Why write about music? What’s the point?
Music is vocal, instrumental, melodic, mechanical, organic, arranged, composed, improvised, audible. You listen to it. You hear it. When it hits you, you feel it. It is as much art as it is science.
With the magnitude and magic that music holds, writing about music feels like trying to recreate a Van Gogh with no paint within reach.
In 1983, Elvis Costello told Musician magazine, “Writing about music is like dancing about architecture - it’s a really stupid thing to do.”
I don’t disagree. How can I? He is absolutely right, and yet I continue to spend hours a week writing about music, thinking about what I want to write about next, making sense of the why. Writing about music is intricate. There’s no correct approach, and yet there is much continuity. When you read a piece of music writing, whether in prose, poetry, journalism or other forms, music writing is recognizable and categorized as such.
As Robert DiYanni writes, “Good music writing, nonetheless, somehow succeeds in making sense; it makes sense in what it says directly about the music, and in what it suggests indirectly, in what circumscribes the music as well.”
Music writing is an autobiography of the writer, with it being nearly impossible to detach the experience of listening from the writing. Writers attempt to be objective, but even just addressing the music in question, as spotlighted and separated from millions of pieces of music, exposes bias in the choice to spotlight a particular piece. Not everything gets listened to by everyone, and not everything is focused on in writing. Such is life. We are overwhelmed by material, and gravitate towards what finds us and what we seek out.
My music writing from 2005 focusing on an album or song would be different than if I revisited the assignment today in 2015. The music is timeless, the writing is not. Maybe that is reason enough to write about music. We want to create a written record of the music during the time in which it spoke to us first.
Instilled in me as a young writer was the very fact and responsibility to honor a record by giving it your time, knowing full well that its creator spent countless hours and late nights working on sharing its soul, its self expression, its blood, sweat and tears with listeners. If someone can spend a year working on 13 tracks, I can spend a week listening. It’s a respect that is simple. This practice has strengthened my writing, and separated me from the frenzy that is contemporary digital media culture.
When music met the Internet for the first time, music journalism was changed forever. The relationships between technology and music distribution, technology and music creation, as well as technology and the written word are ever-evolving. As long as music in general continues to intrigue us, so will the human desire to sort it out in written language we can see in front of us and read and digest and revisit. The question why write about music can be answered with another question - why write about anything at all?
I agree with writer Tiarney Miekus who wrote that music writing is a church of innovation saying, “Yet to me ‘good’ music writing is Serious (even when it’s humorous) and Important (even when what’s being reviewed isn’t).
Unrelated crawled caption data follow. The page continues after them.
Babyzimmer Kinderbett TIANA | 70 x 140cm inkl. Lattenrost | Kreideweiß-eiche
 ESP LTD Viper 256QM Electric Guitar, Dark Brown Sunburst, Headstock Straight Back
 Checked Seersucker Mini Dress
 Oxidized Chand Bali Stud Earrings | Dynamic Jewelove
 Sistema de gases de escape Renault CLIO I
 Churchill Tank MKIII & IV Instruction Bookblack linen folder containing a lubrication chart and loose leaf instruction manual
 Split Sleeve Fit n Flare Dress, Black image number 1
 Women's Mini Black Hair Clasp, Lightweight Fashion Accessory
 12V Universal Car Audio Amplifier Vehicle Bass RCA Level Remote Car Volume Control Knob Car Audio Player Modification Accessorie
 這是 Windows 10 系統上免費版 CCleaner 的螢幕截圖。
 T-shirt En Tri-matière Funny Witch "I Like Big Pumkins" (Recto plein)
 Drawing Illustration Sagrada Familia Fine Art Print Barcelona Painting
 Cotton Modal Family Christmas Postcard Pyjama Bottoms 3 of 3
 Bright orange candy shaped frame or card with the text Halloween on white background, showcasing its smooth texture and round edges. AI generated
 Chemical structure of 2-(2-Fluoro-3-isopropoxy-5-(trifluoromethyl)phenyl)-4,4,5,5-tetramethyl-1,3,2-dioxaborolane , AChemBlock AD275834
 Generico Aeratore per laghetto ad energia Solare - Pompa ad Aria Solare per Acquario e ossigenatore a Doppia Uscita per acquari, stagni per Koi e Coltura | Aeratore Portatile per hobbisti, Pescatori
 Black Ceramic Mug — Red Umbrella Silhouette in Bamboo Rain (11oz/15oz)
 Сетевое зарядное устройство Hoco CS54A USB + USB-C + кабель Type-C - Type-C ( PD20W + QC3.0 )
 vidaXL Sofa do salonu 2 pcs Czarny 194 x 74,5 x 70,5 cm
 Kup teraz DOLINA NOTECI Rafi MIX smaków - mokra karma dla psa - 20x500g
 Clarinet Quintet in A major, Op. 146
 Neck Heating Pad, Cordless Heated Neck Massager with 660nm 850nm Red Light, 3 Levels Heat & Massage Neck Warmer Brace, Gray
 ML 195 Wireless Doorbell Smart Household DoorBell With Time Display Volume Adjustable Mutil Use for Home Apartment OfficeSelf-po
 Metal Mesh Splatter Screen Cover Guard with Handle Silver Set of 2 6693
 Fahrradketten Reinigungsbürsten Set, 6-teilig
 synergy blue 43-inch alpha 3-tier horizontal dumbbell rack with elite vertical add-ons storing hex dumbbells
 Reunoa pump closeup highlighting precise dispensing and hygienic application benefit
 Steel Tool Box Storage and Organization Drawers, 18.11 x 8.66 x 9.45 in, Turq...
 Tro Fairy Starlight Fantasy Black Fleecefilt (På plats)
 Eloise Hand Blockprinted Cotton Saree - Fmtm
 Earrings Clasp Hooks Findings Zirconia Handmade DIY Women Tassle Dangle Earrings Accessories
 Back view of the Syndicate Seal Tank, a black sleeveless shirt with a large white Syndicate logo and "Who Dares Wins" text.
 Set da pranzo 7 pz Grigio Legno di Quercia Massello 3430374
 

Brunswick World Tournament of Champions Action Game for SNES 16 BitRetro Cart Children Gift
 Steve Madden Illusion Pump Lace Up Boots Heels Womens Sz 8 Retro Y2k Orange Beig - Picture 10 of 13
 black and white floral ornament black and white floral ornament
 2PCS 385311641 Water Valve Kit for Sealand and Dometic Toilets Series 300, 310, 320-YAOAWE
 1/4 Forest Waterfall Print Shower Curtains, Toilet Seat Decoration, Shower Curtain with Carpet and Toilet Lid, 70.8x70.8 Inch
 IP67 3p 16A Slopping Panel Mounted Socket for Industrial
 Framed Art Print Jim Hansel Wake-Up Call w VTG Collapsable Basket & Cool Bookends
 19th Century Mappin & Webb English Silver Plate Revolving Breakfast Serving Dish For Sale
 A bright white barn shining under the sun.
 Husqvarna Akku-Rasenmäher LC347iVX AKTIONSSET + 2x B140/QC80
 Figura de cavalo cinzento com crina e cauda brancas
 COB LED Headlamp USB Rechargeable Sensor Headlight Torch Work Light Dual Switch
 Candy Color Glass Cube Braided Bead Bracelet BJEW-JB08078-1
This is perhaps a cringing sentiment in this postmodern heyday where one can’t innocently speak words like Serious and Important in art, without being labeled some naive sap.”
Music writing is more than headline click bait. Culturally, it needs to be more than what’s the newest, catchiest single topping the charts, more than an artist bio, more than a 400 word album review, more than three out of four stars. But for now, I am working on sharpening my swords, reading as much music writing as I can, balancing my writing work with longer form research/writing kept temporarily private and weekly blog pieces shared online to as many people who will read. I remind myself often that I haven’t forgotten to enjoy music, just as I haven’t forgotten to enjoy writing, and maybe that's why I am where I am.
What I do as a music writer is serious and important and one day it will make more sense to me. My answer to "why do you write about music" will grow into something more complicated than passion or interest or a simple "I like to," just as music writing's art and philosophy in general will continue to be refined as we navigate these strange waters together.
For now, the records will play and the words will flow.